I don't want to downplay the consequences. The Bharati Commonwealth makes a bit more sense now that I've learned that 700 million people died in India during the Aberrant War. It would take a miracle to bring India, Pakistan, and Bangladesh together, but that kind of crisis might be enough to do it. It creates a new setting mystery, though. Like, I always assumed that the shift in global power structures happened because Aberrants migrated to areas that were wealthy and powerful, and thus those are the places that suffered the worst attacks during the War. Africa, South America, India, and China are the new great powers because they were passed over.

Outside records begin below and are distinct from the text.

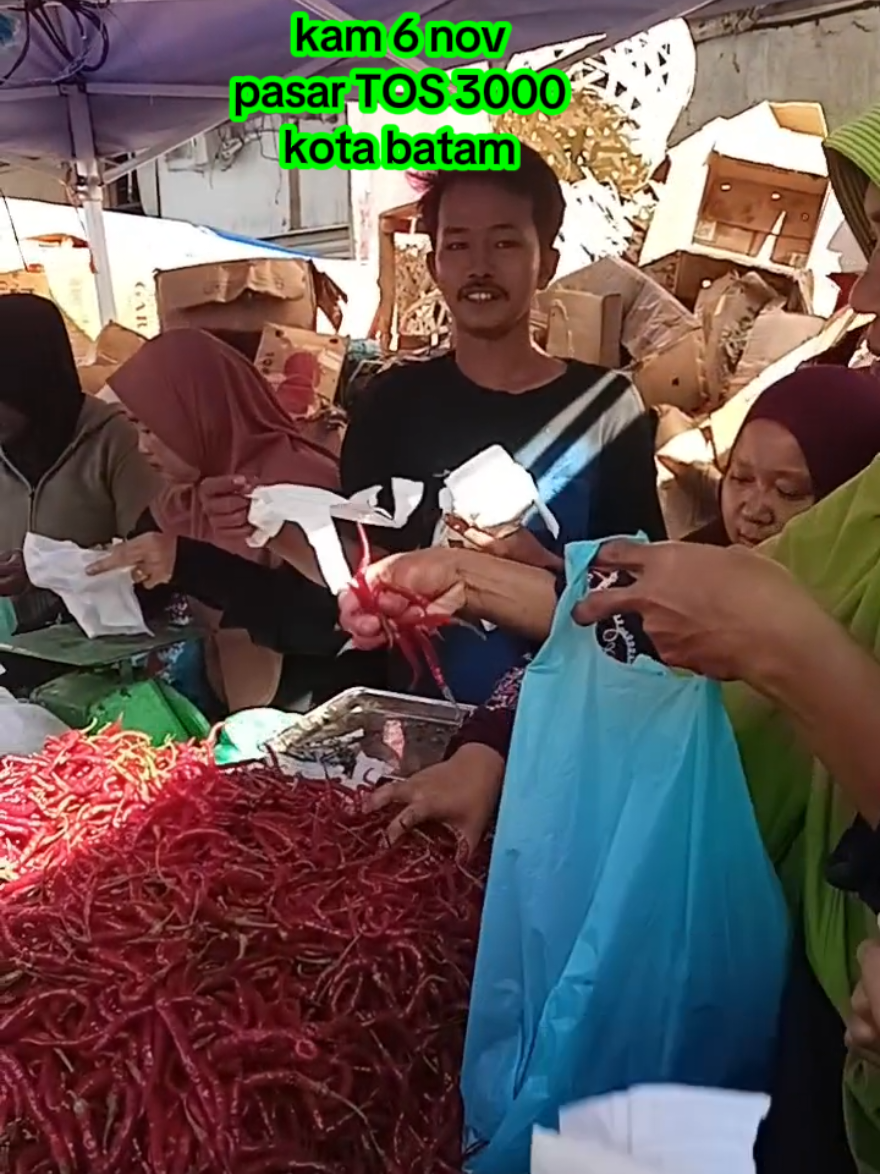 #cabemerah #cabekeriting  #cabe  #tomat #tomatmerah 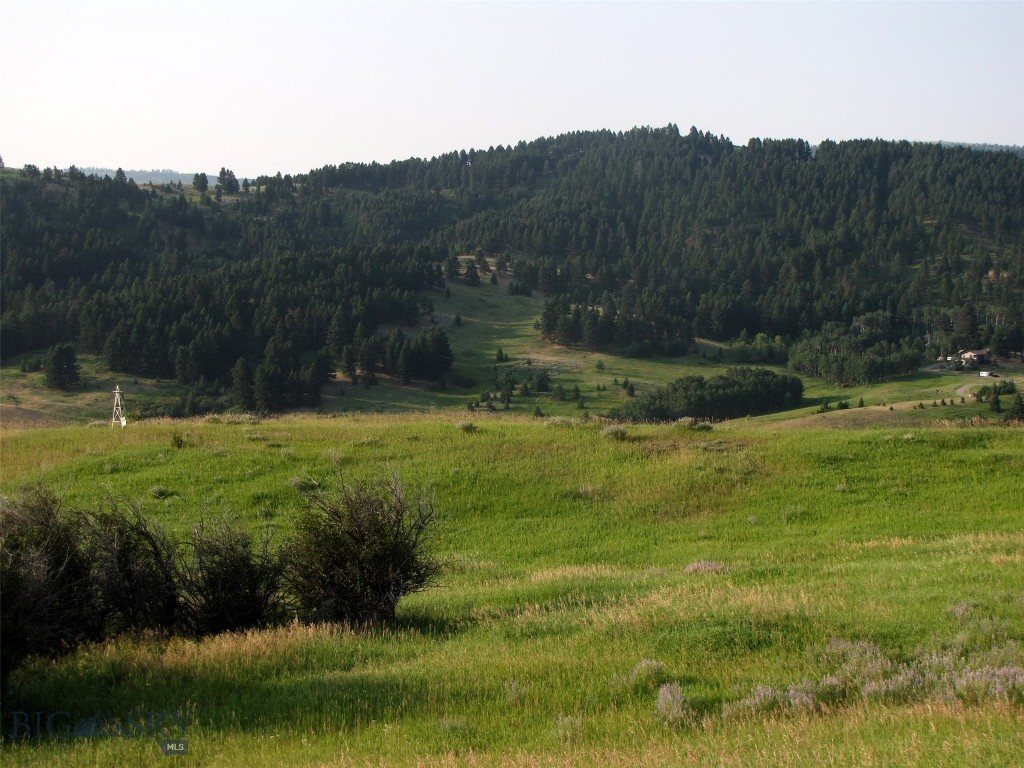 tbd Lupine Lane, Livingston MT 59047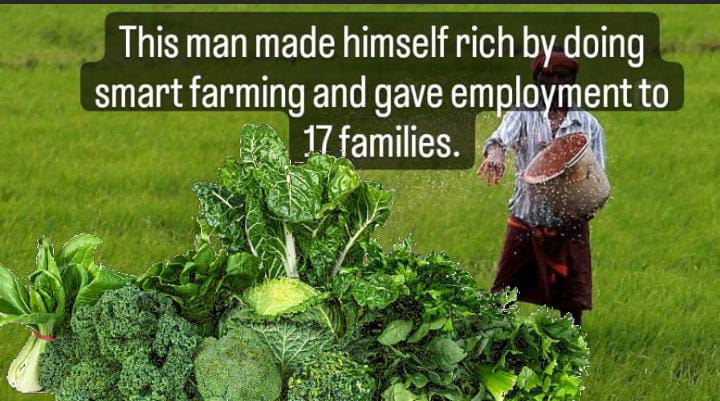 Camp: By cultivating vegetables, this farmer made himself rich and provided employment to 17 familie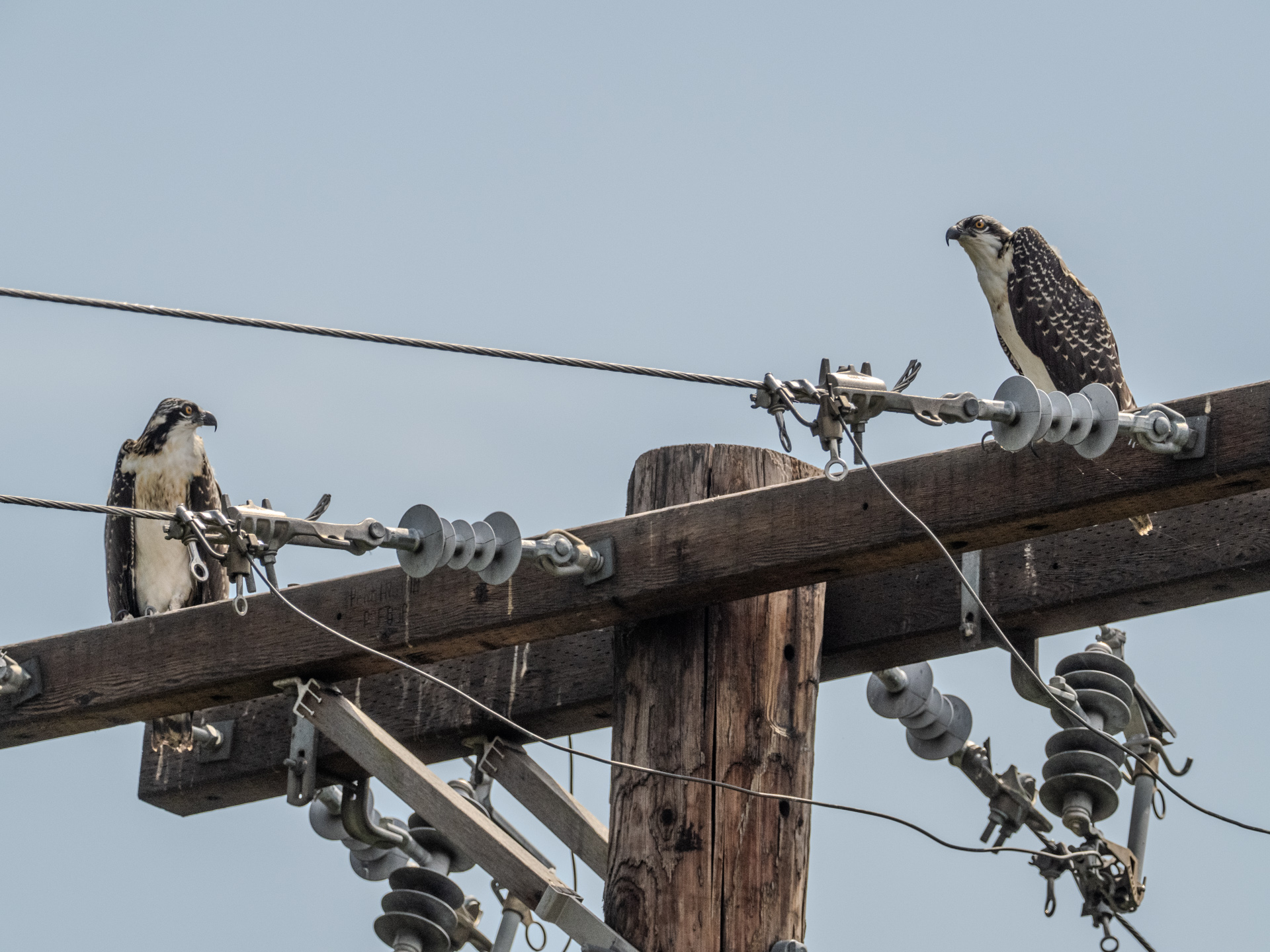 Two Juveniles on Utility Pole (August 3, 2024)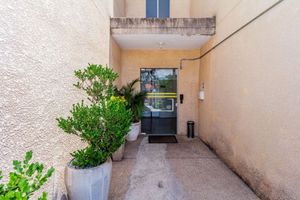 Image 37 - 829155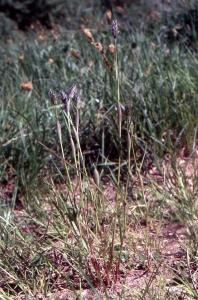 Liliane Roubaudi, le 12 mai 2001 (Sernoyer)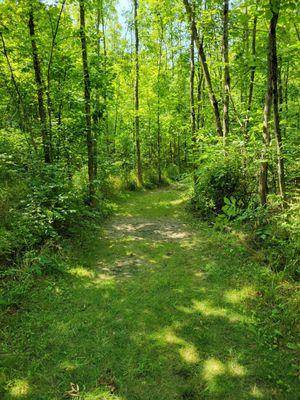 Shagbark trail head near small parking lot at the front of the park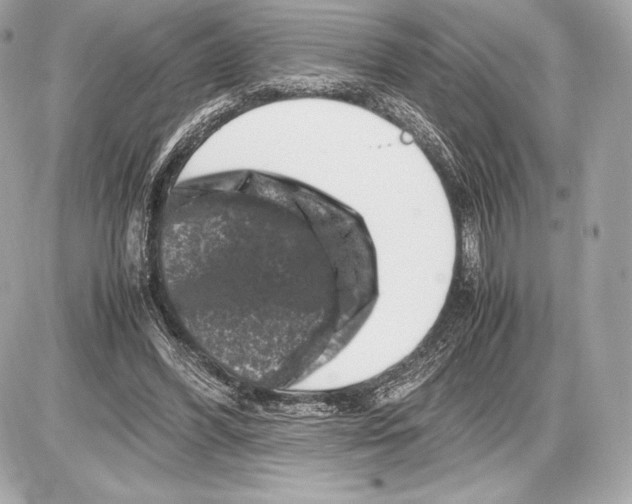 X0000085810396200704091612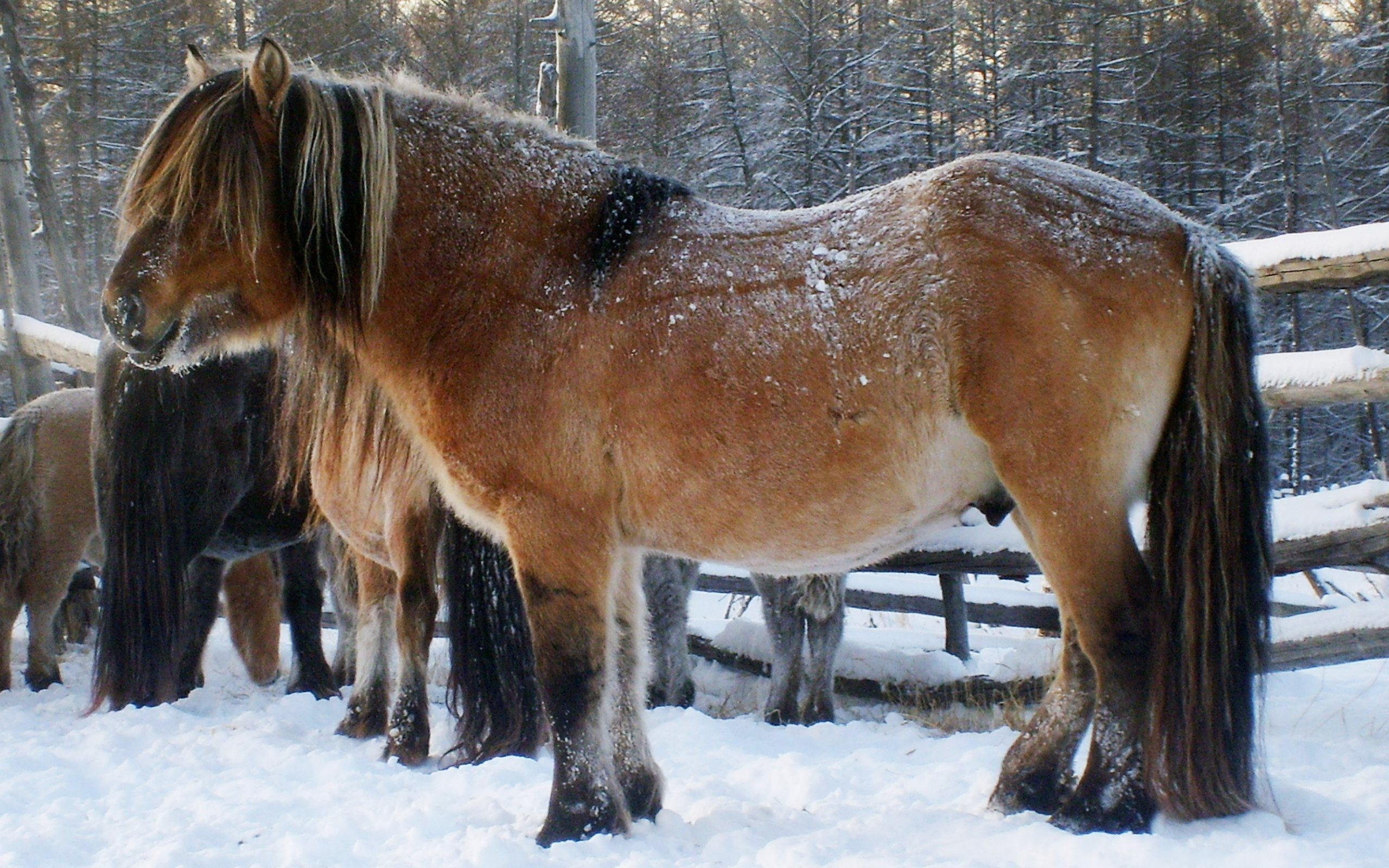 Сильные лошади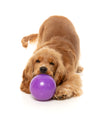 Fuzzyard Treat Dispensing Interactive Dog Chew Toy (Truth Tellin' Treat Ball)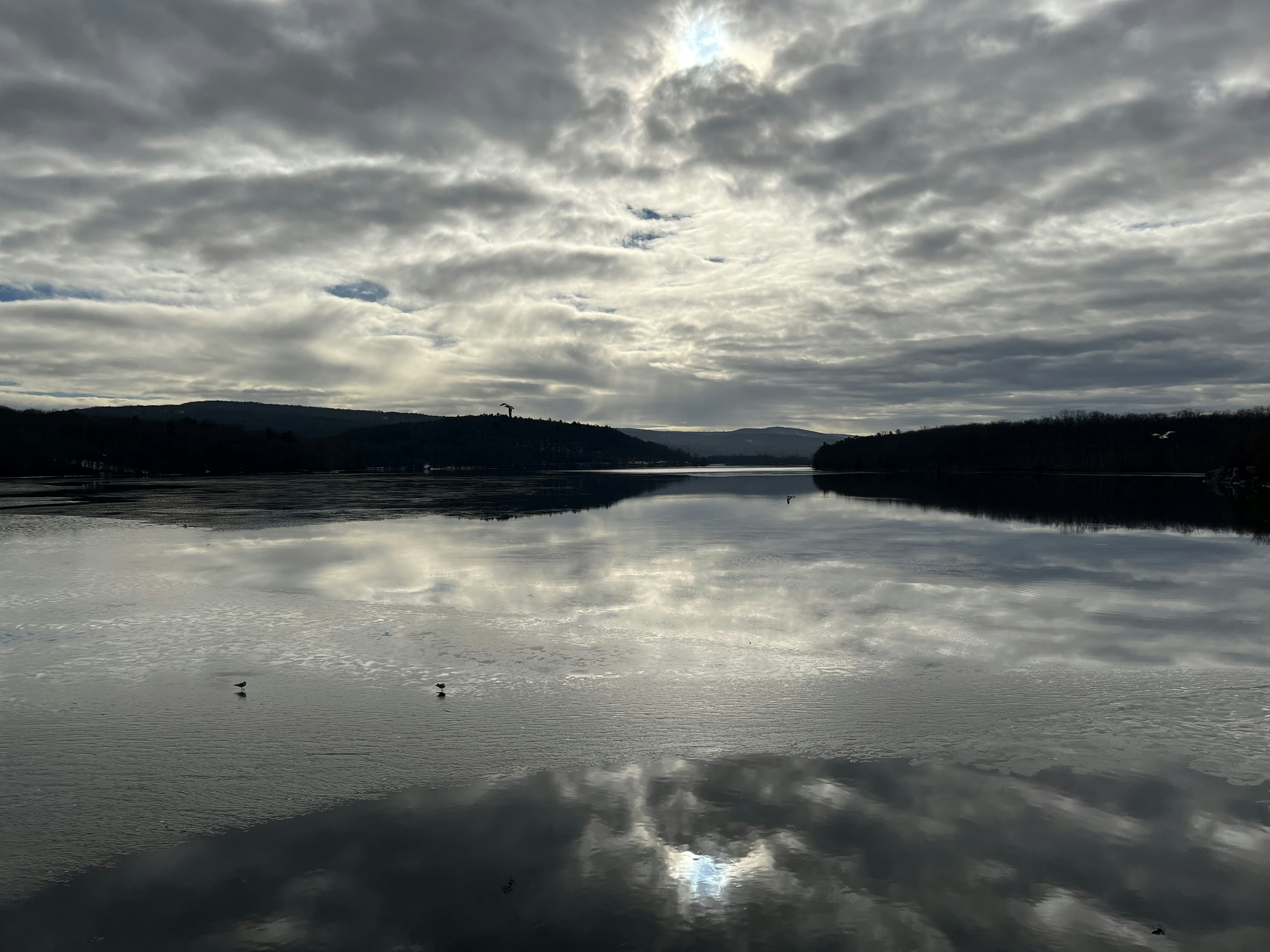 Photo by zucchiniiking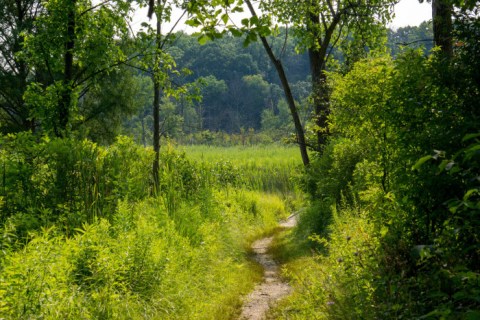 8 Amazing Indiana Hikes Under 3 Miles You'll Absolutely Love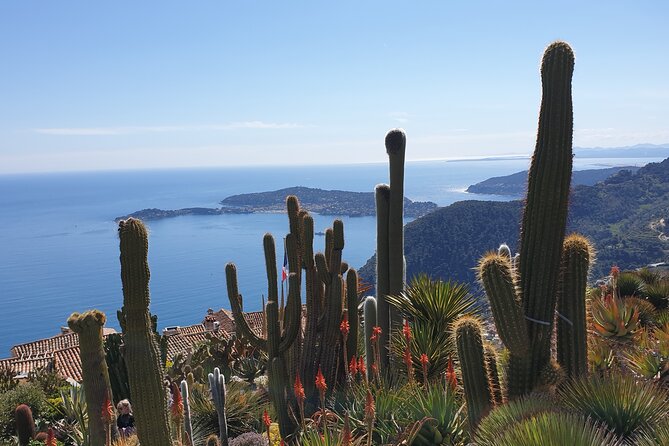 Full-Day Private Tour of Nice, Monaco and Eze Village with private guide - Nice old town on foot: markets, Nissart streets, and classic bites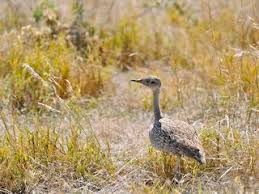 Image result for Burttia prunoides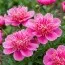 Півонія Anemoniflora 3-5 бруньок фото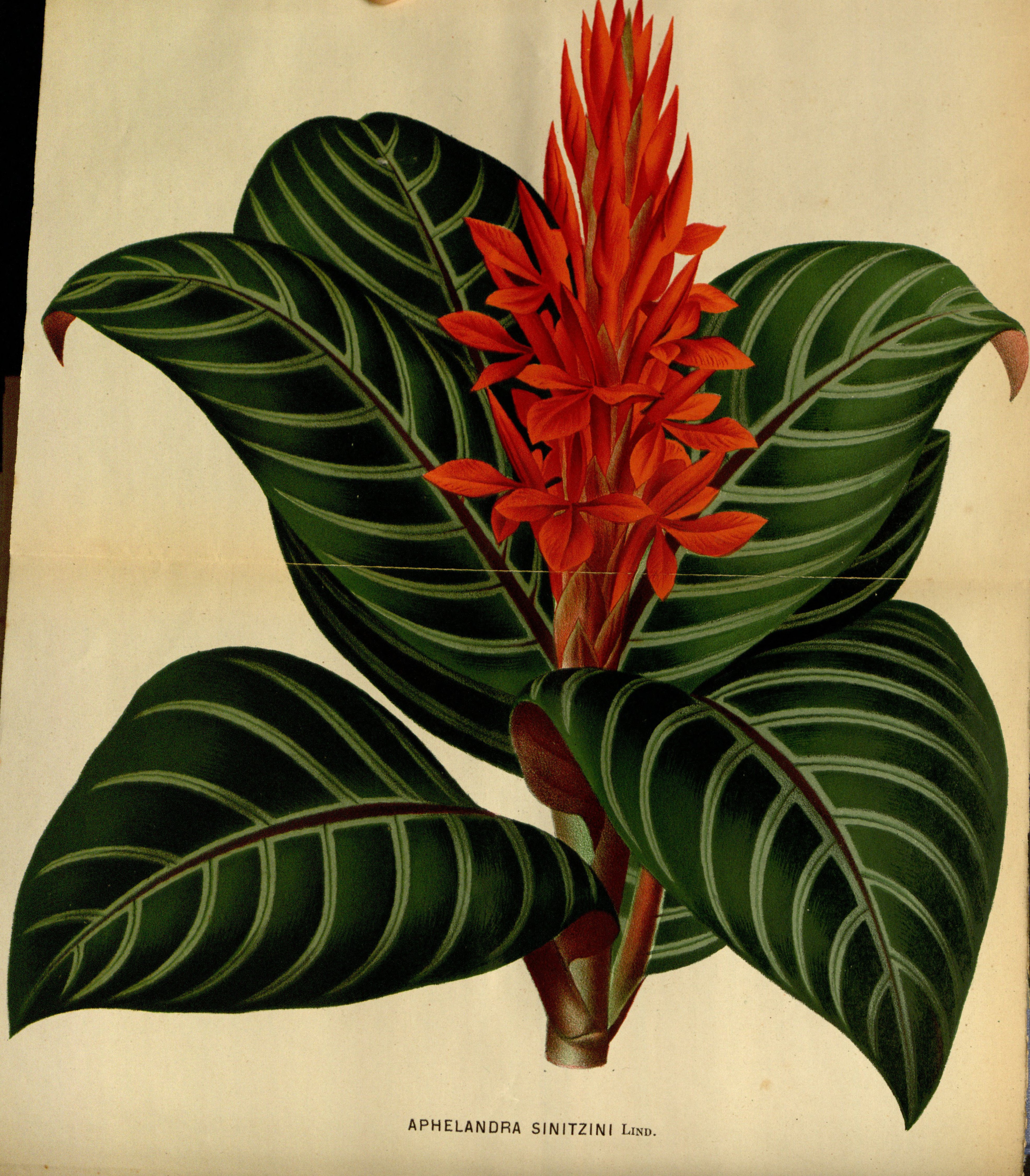 no full size  illustration available (3a)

But nowhere, not even the now-fascist Federated States of America, is described as losing hundreds of millions of people. The FSA lost New York and DC and Florida and a huge chunk of the midwest, and presidents were assassinated so frequently that the line of succession couldn't keep up, but there was no talk of horror on that kind of scale.

Truthfully, India's writeup didn't quite sell the horror either. I suspect it's a matter of an author thinking in overly abstract mathematical terms. Don't get me wrong, it's portrayed as bad, but it looks like the thought process involved taking a big number and making it smaller without really taking into account the sheer scale of the numbers involved. If India loses half its population, there's not going to be an India any more. Not even as a member state of the Bharati Commonwealth. When we start to talk about population losses in the double-digit percentages, that's a complete breakdown in social order. Infrastructure becomes impossible to maintain, distant regions lose contact with each other (especially in the wake of the overnight destruction of all the world's internet), institutions collapse. There are 31 languages in India with more than a million native speakers. I don't know enough about the region to tell you where the new borders shake out, but I do know human nature enough to know that if the various regions get subsumed into a new federalist structure, they're definitely not going to see themselves as a bloc.

My guess is that the culprit here is an inherited idea that made me uncomfortable in Aberrant 1st edition and which I'm surprised to see make a return in 2nd - "India syndrome" - the idea that Indian people are more likely to see Novas as gods. To be fair, there are a lot of Aberrant cults in 2nd edition, at least one nearly everywhere modern Aberrants appear, but the suggestion that there were so many in old India that they created history's greatest atrocity . . . it's problematic.

And I've gotten away from the point. Which is that Terra Firma, when it's not being Adventure: 2120! is full of imaginative, but imprecise worldbuilding. It's a good source of ideas for roleplaying games, but it also sometimes seems like a compromise with the uncomfortable truth that the modern economic realities of the industry make it impossible to give these locations the full sourcebooks they deserve.

Ukss Contribution: The Plaguelands are an idea you could build a whole franchise around. Something lurks in the Venezuelan jungle (spoilers: it's an Aberrant) that is mutating the wildlife to become ridiculously dangerous - like "having biological organs that jam radio communications" - level adapted to fucking up humanity's shit. It's enough of a problem that there needs to be a permanently fortified border with the jungle, and even with all the guns pointed inward, freaky nightmare-beasts still break through. Maybe there could be some kind of malevolent hyper-evolution somewhere on Ukss too.